──────── Records supplied

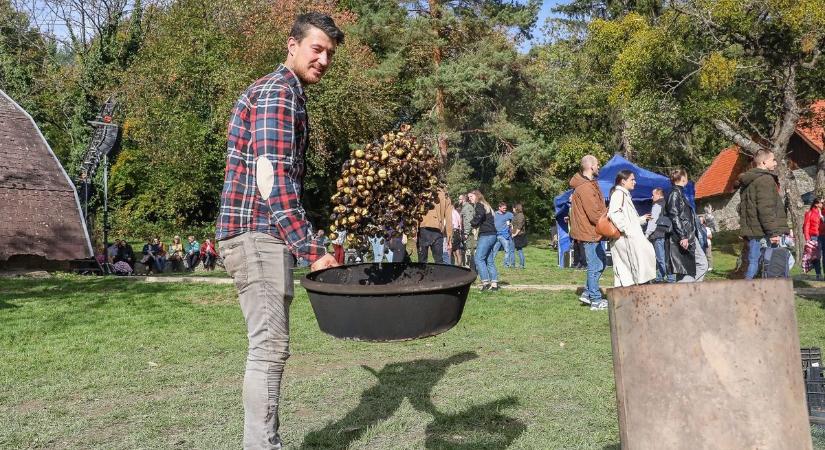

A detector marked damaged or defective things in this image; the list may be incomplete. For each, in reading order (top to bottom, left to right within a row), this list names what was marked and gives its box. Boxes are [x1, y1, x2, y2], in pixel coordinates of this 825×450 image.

rusty metal container [300, 262, 474, 342]
rusty metal container [604, 280, 812, 448]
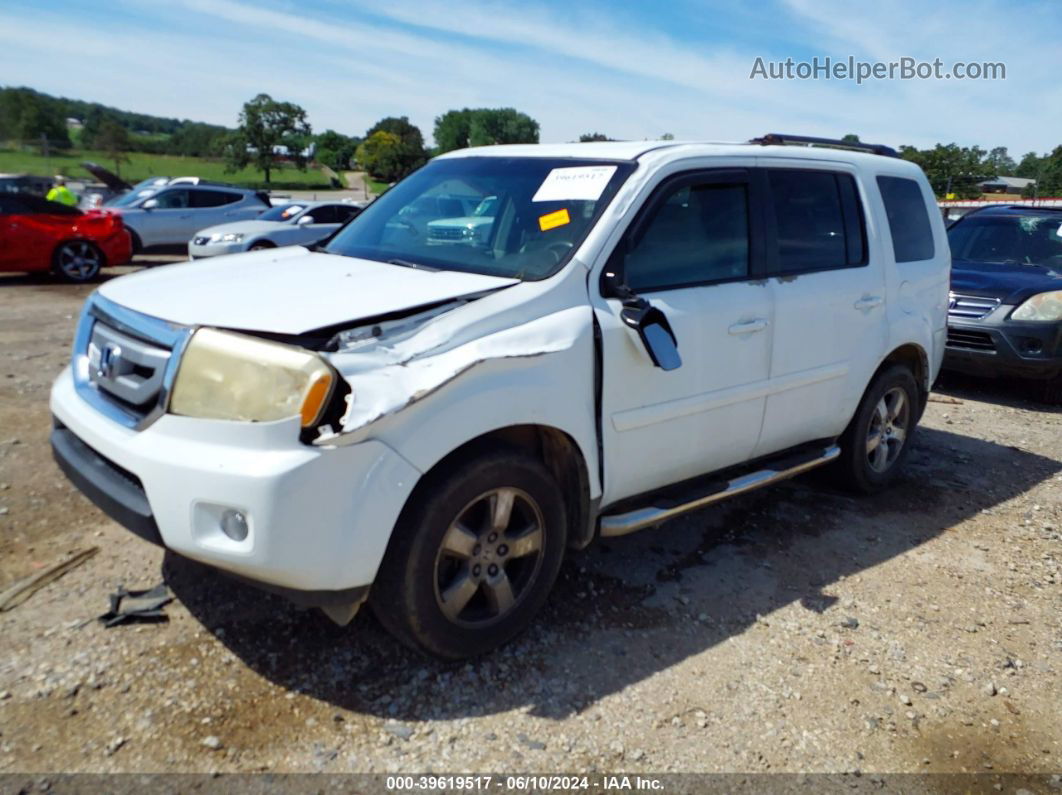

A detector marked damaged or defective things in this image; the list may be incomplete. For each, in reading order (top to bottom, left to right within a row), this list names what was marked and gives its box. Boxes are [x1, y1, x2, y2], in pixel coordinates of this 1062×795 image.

crumpled hood [97, 248, 520, 335]
crumpled hood [951, 257, 1062, 303]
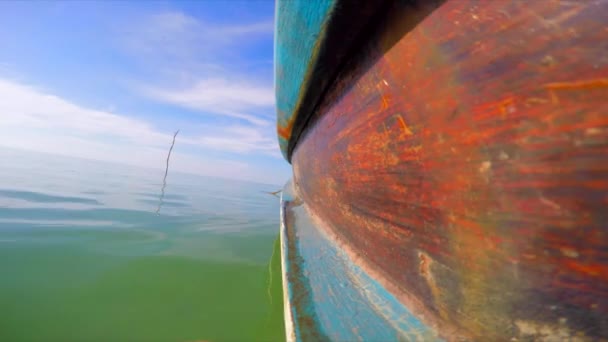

────────────────

__Task to complete__:
Every entry belongs in the answer exactly as written, but no picture does.

__Task solution__:
A detector marked damaged or defective things in this image; the list may be incomplete. For each, in reading order (top to bottom, left to right within a row), this list names what was marked and gives its box. Boxes are [x1, y1, x2, y2], in pixel coordinates of this 825×450 image.

rusty metal container [300, 262, 474, 342]
rusty metal container [604, 280, 812, 448]

A detector marked damaged or defective things in this image; the list may be incomplete. For each, in reading order (top to bottom, left to right within a row), this list names what was marked and gives its box. Boxes are [x1, y1, x2, y2], in pixel coordinates of this 1062×795 image.

crumpled hood [97, 248, 520, 335]
crumpled hood [951, 257, 1062, 303]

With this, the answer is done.